The line containing "United Colors of" marks the end; return exactly every line from the start of the records up to and including it, but no pictures.

***

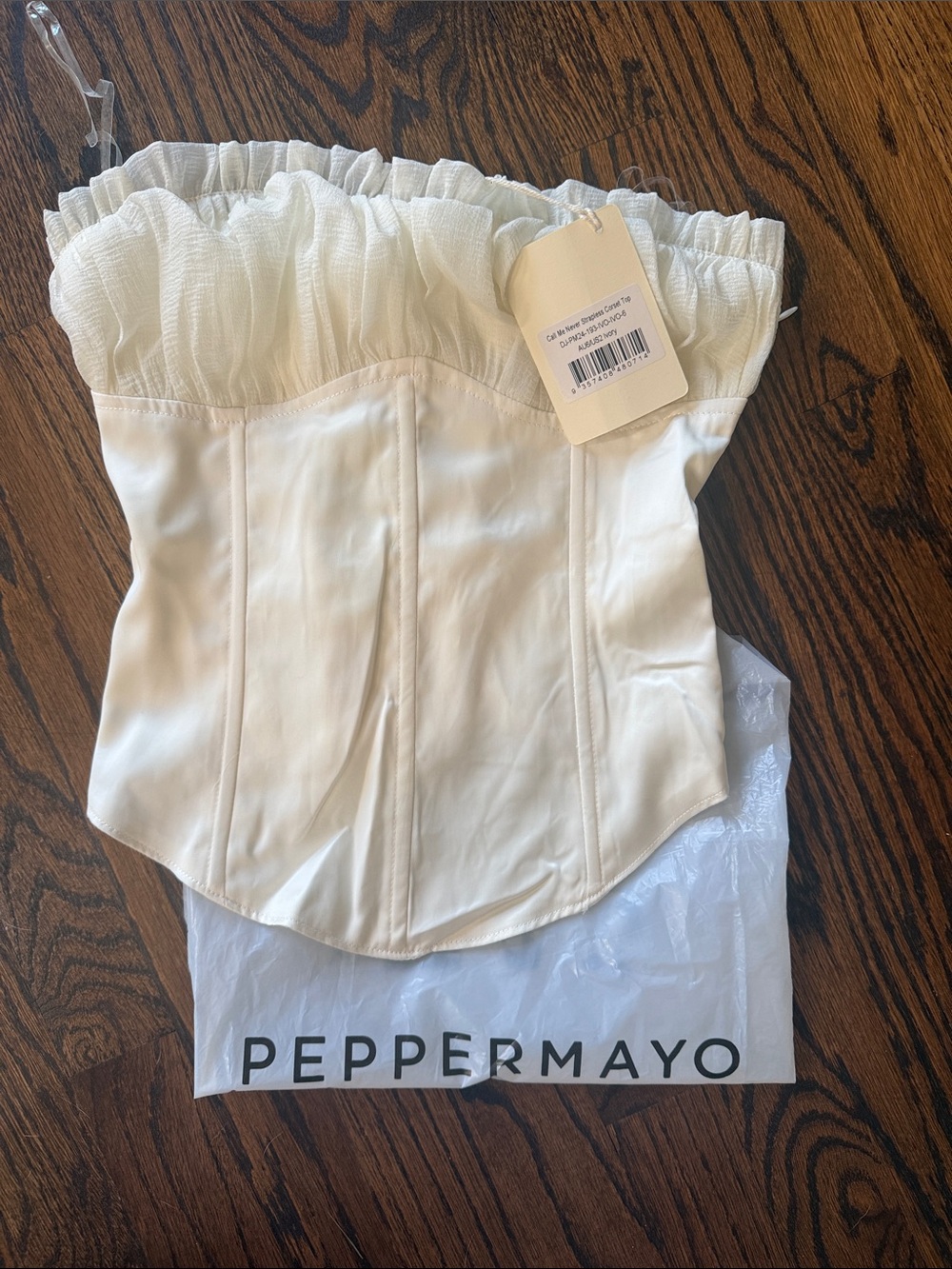 Peppermayo Ivory Strapless Ruffled Corset Top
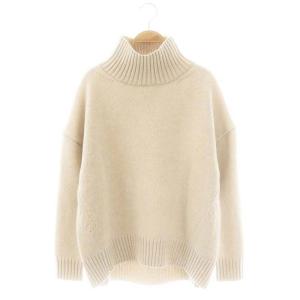 FINEWOOLワイドタートルネックニットプルオーバー セーター 長袖 グレージュ /DF OS AX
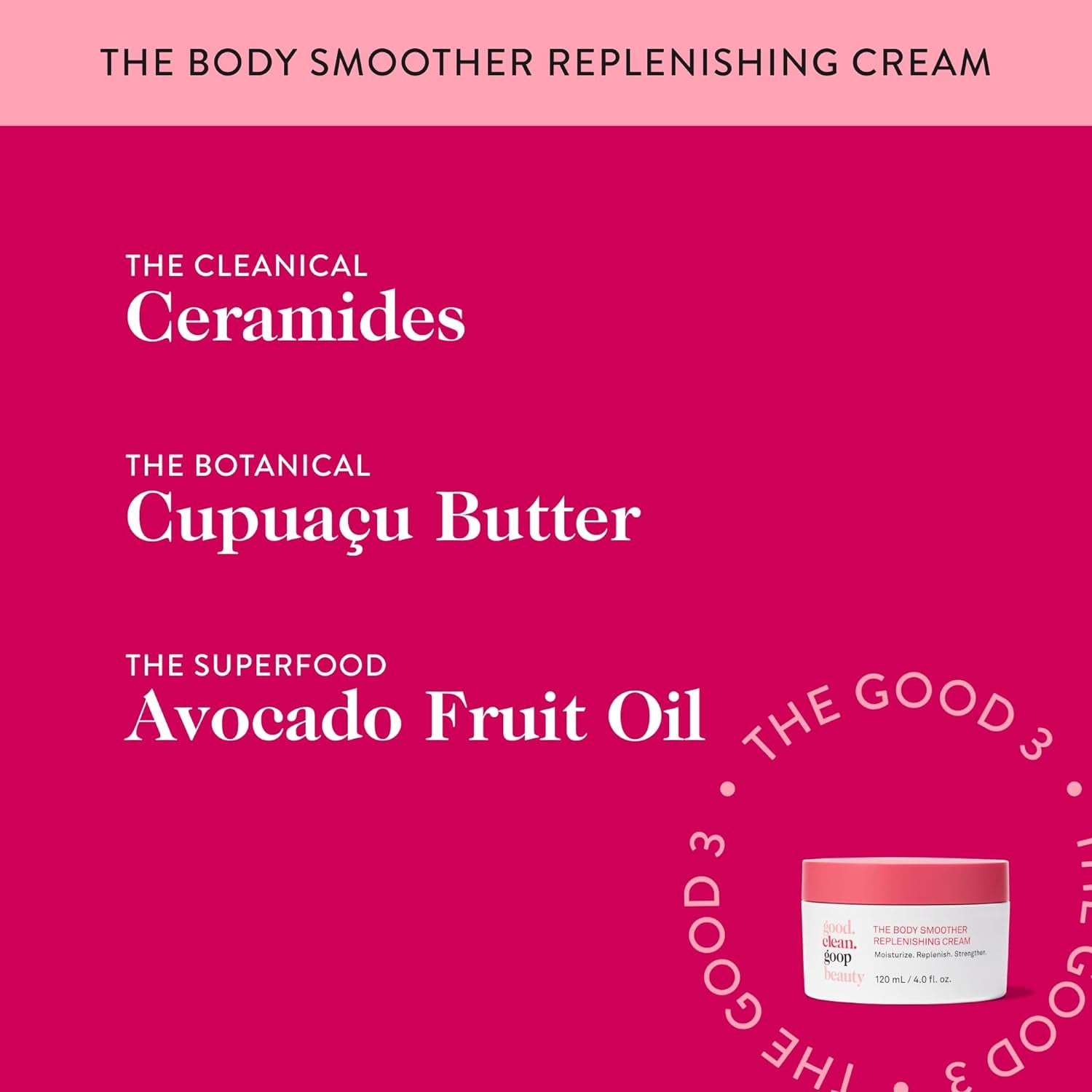 Beauty the Body Smoother Replenishing Cream | Hydrating Moisturizer for Dry Skin | Ceramides, Cupuacu Butter, & Avocado Oil | Fine Lines and Wrinkles Treatment | Cruelty-Free | 4 Oz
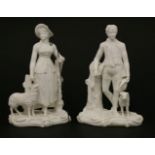 A pair of Minton bisque figures of a shepherd and shepherdess,c.1830/40, Minton Design Book 79 & 80,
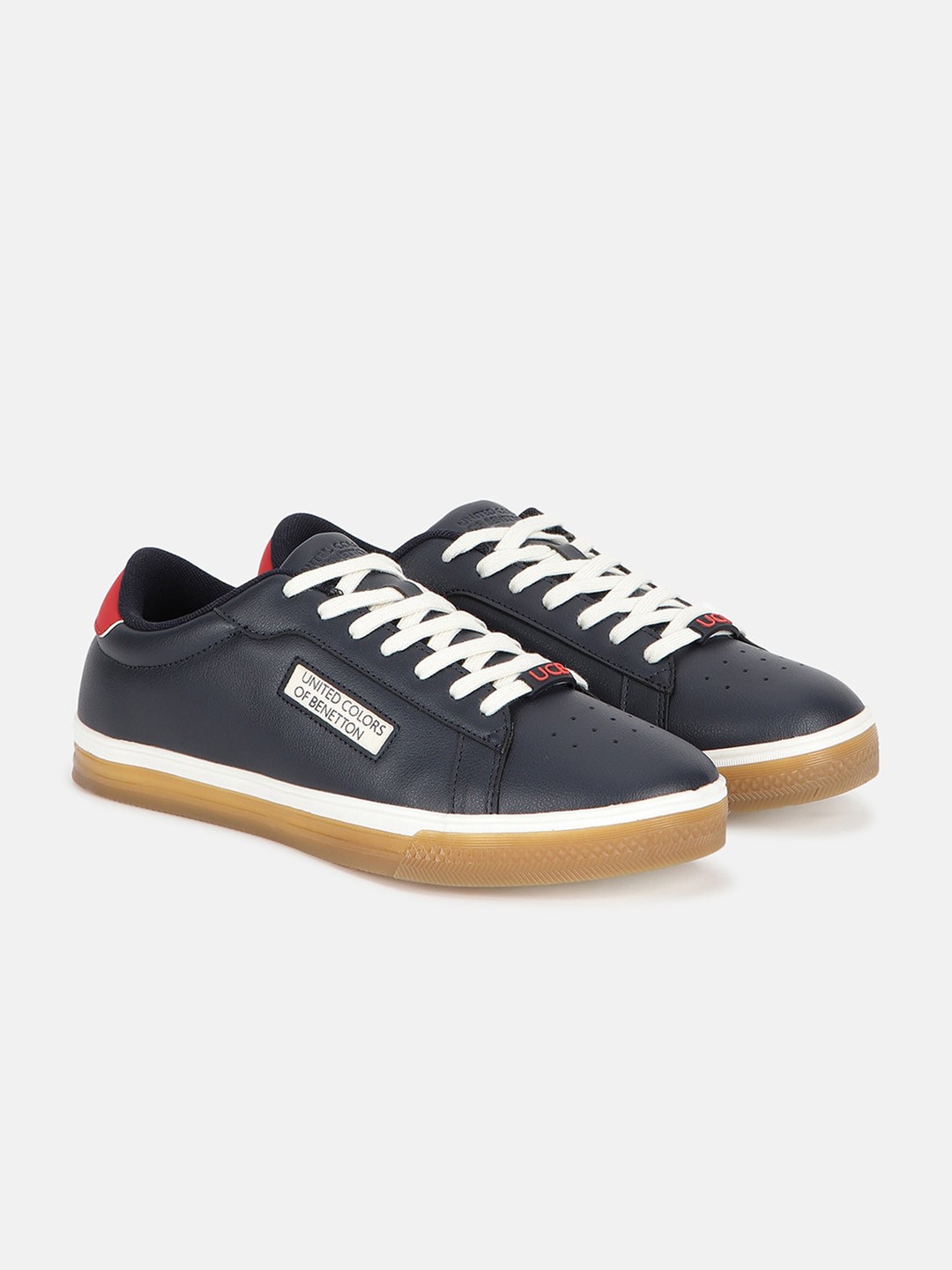 

United Colors of Benetton Men Comfort Insole Contrast Sole Lace-Up Sneakers, Blue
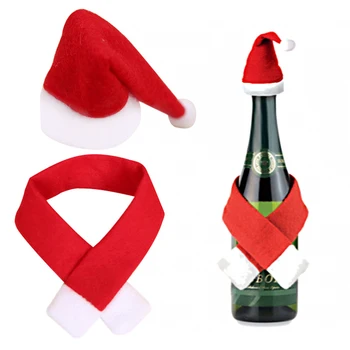 

New Arrival 1set Christmas Hat Champagne Wine Glass Hat Bottle Wrap Scarf Christmas Party Decorations Dinner Table Decors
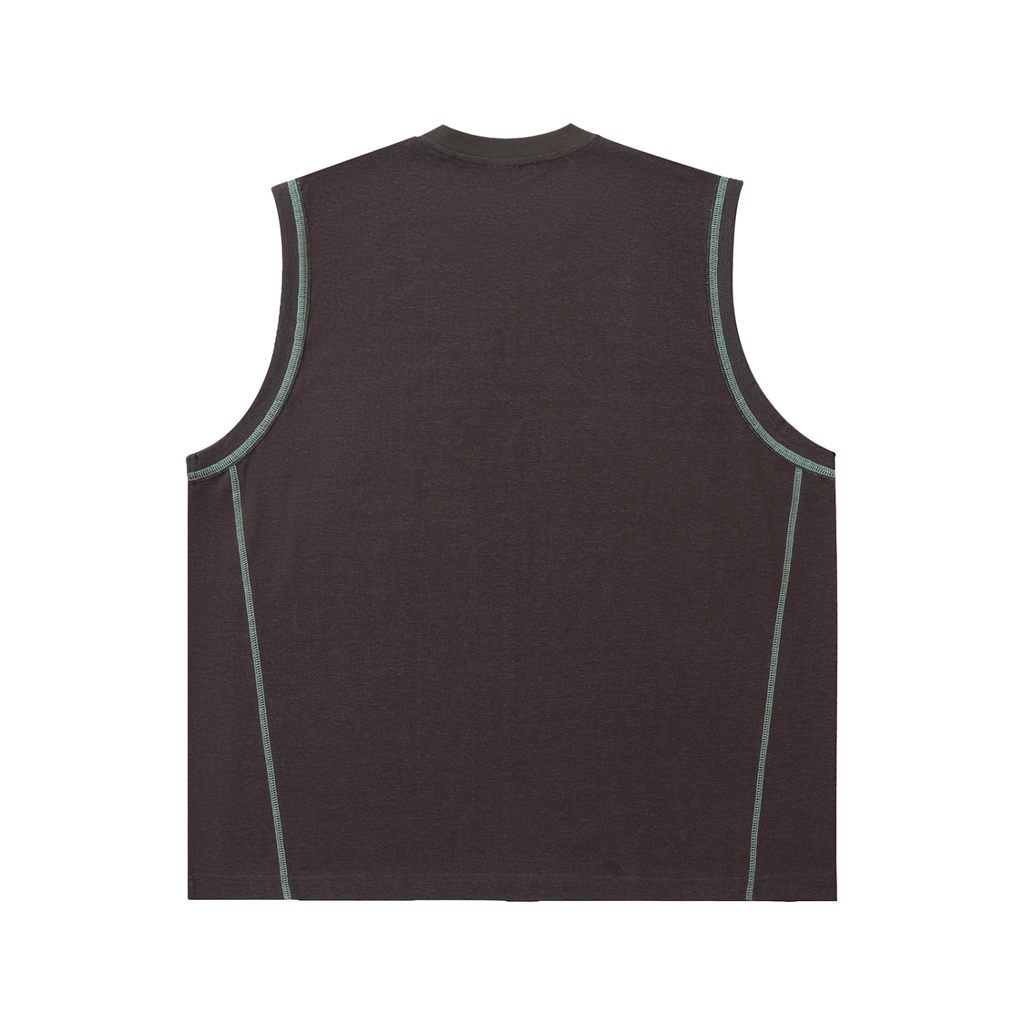 VERON Brown sleeveless shirt with green piping on a white background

***

RESPONSE FOR THIS EXERCISE —
 Peppermayo Ivory Strapless Ruffled Corset Top
 FINEWOOLワイドタートルネックニットプルオーバー セーター 長袖 グレージュ /DF OS AX
 Beauty the Body Smoother Replenishing Cream | Hydrating Moisturizer for Dry Skin | Ceramides, Cupuacu Butter, & Avocado Oil | Fine Lines and Wrinkles Treatment | Cruelty-Free | 4 Oz
 A pair of Minton bisque figures of a shepherd and shepherdess,c.1830/40, Minton Design Book 79 & 80,

United Colors of Benetton Men Comfort Insole Contrast Sole Lace-Up Sneakers, Blue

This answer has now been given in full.